Shamima Begum was 15 years old when she got on a plane at Gatwick Airport and travelled to Syria to join the Islamic State group. While there, she married a fighter within the group and had three children, all of whom died.
In 2019, former home secretary Sajid Javid moved to strip Begum of her British citizenship, which meant she could no longer return to the UK. Begum’s lawyer accused Javid of cancelling her citizenship to further his agenda of becoming prime minister. Since then, Begum has been fighting to reinstate her British citizenship, with her lawyers arguing that she was a child victim of trafficking.
“The whole counter-terrorism countering violent extremism policing over that period was so very difficult to separate from the fear of Muslim extremists,” Dr Emma Briant, a Fellow at Bard College and an expert on counter-terrorism, propaganda and media coverage of refugees, told EURACTIV.
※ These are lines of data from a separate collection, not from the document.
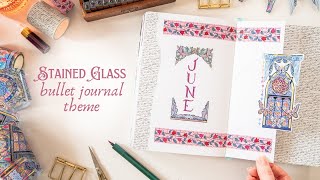 June Bullet Journal Setup 📖 Fantasy Windows Theme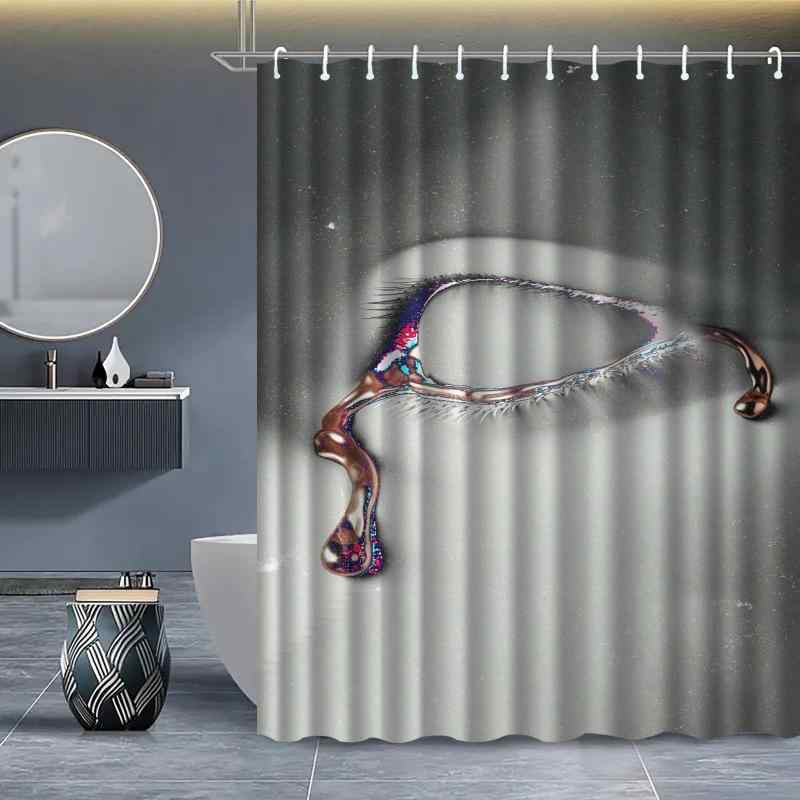 シャワーカーテン ポリエステル製 防水 撥水加工 防カビ 3Dデジタルプリント 浴室用 バスルーム間仕切り 目隠し おしゃれ 高級感 プライバシー保護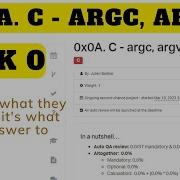 0x0A C Argc Argv ALX 0 It Ain T What They Call You It S What You Answer To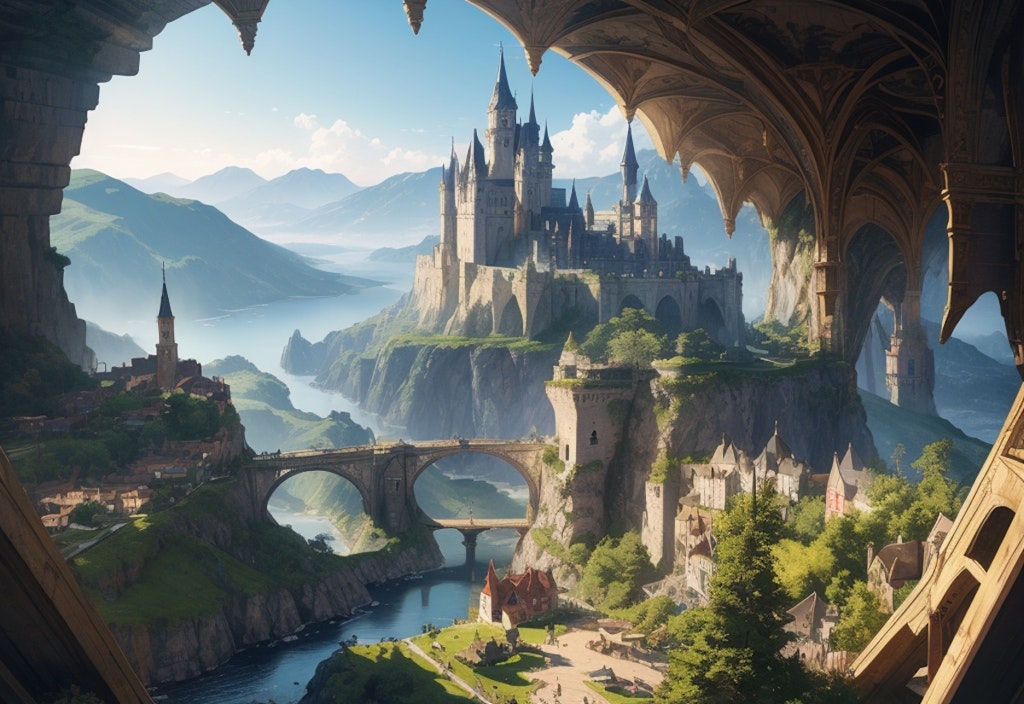 ファンタジーRPG定番の中世ヨーロッパ的なお城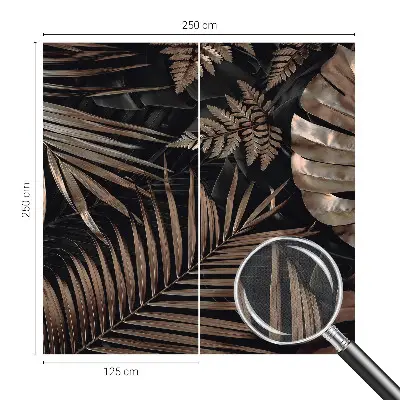 Papier peint photo grand format pour le mur feuilles exotiques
“I think there has been an Islamophobia that is very difficult to separate from that,” she added.
Timeline of Begum’s case
In 2020, a tribunal ruled that removing Begum’s citizenship was lawful because she was also a Bangladeshi citizen, meaning that stripping her of her British citizenship would not leave her stateless.
In 2021, the Supreme Court ruled that Begum would not be allowed to return to the UK to appeal against the decision and needed to remain in a camp controlled by armed guards in northern Syria. Begum challenged this decision at the Special Immigration Appeals Commission (SIAC). According to her lawyers, the decision was unlawful as it did not consider that she may have been a child victim of trafficking.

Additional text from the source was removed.